Le message paraît comme une évidence. Mais compte tenu de l’environnement électoral, l’appel prend tout son sens. L’ambassadeur allemand, Harald Gehrig, engage les candidats à la présidentielle du 7 novembre à “accepter avec dignité les résultats” du scrutin, lors de la cérémonie de commémoration de l’unité allemande, à Ambatoroka mercredi. Il réaffirme le soutien de son pays à la démocratie.
L’Allemagne, à travers l’Union européenne, est engagée par des actions concrètes pour le soutien du processus électoral. Harald Gehrig rappelle la participation de l’Union Européenne à hauteur de trois millions d’euros pour les préparatifs liés au scrutin, et de 3,8 millions d’euros pour la suivie et l’observation des consultations populaires.
Le géneral de corps d’armée Béni Xavier Rasolofinirina, ministre de la Défense nationale et ministre des Affaires étrangères par intérim, appuie le discours du diplomate allemand quant à la nécessité de respecter les résultats du scrutin. “On espère que les autres seront des bons perdants”, lance-t-il tout en indiquant que le pays “n’a plus besoin d’une transition”.

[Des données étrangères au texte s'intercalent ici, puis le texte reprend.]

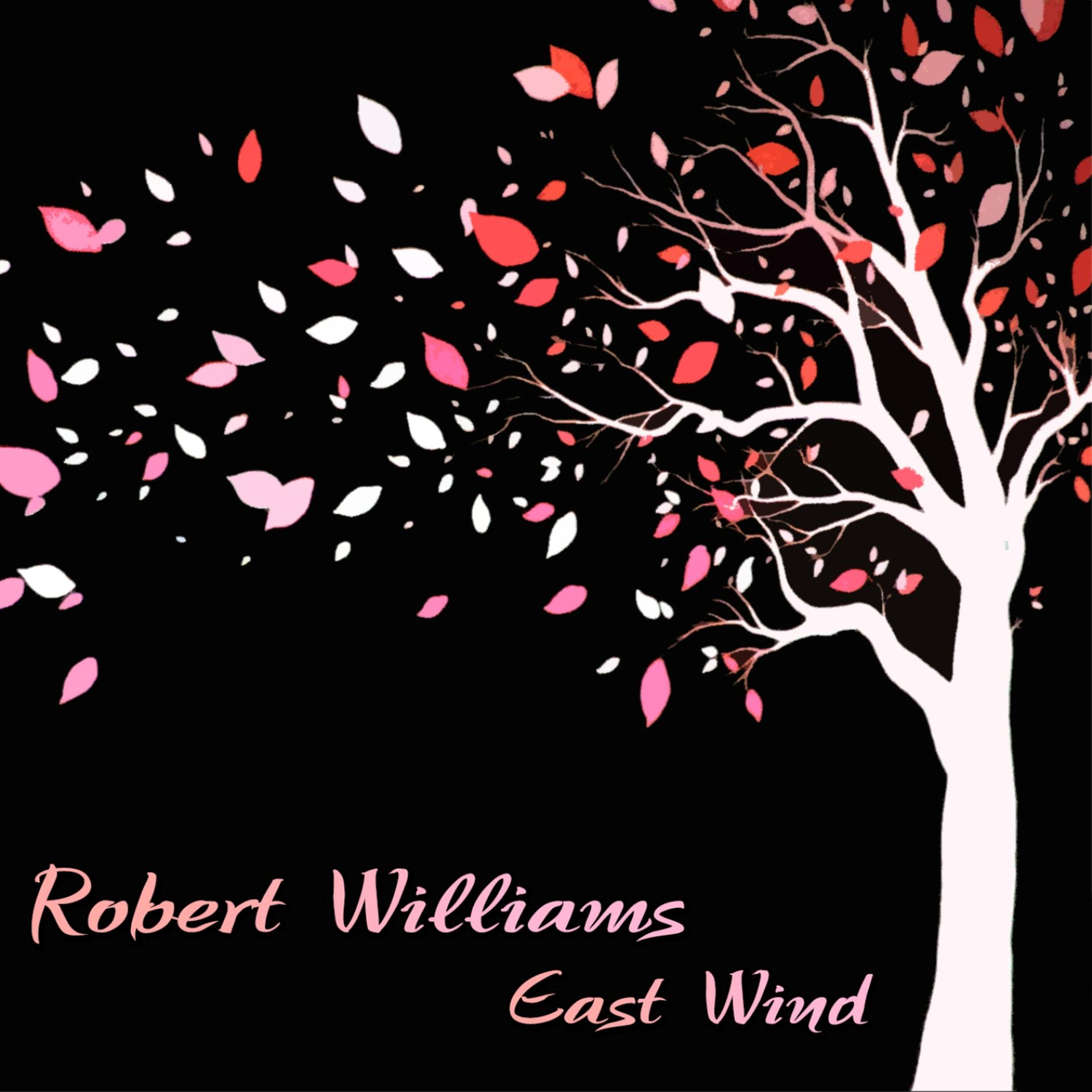 Постер альбома East Wind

Pour l’heure, sans être alarmiste, certains faits qui surviennent à quelques jours du début de la campagne électorale, suscite des questions. Le nombre peu élevé des signataires de la charte de bonne conduite et d’intégrité des candidats pour une élection présidentielle apaisée interpelle.
Un candidat à la présidentielle est très critique par rapport au processus électoral en cours et l’a fait savoir. D’autres candidats réclament le report du scrutin et la tenue d’une sorte de conférence nationale. Rivo Rakotovao, président de la République par interim évoque une situation “fragile”.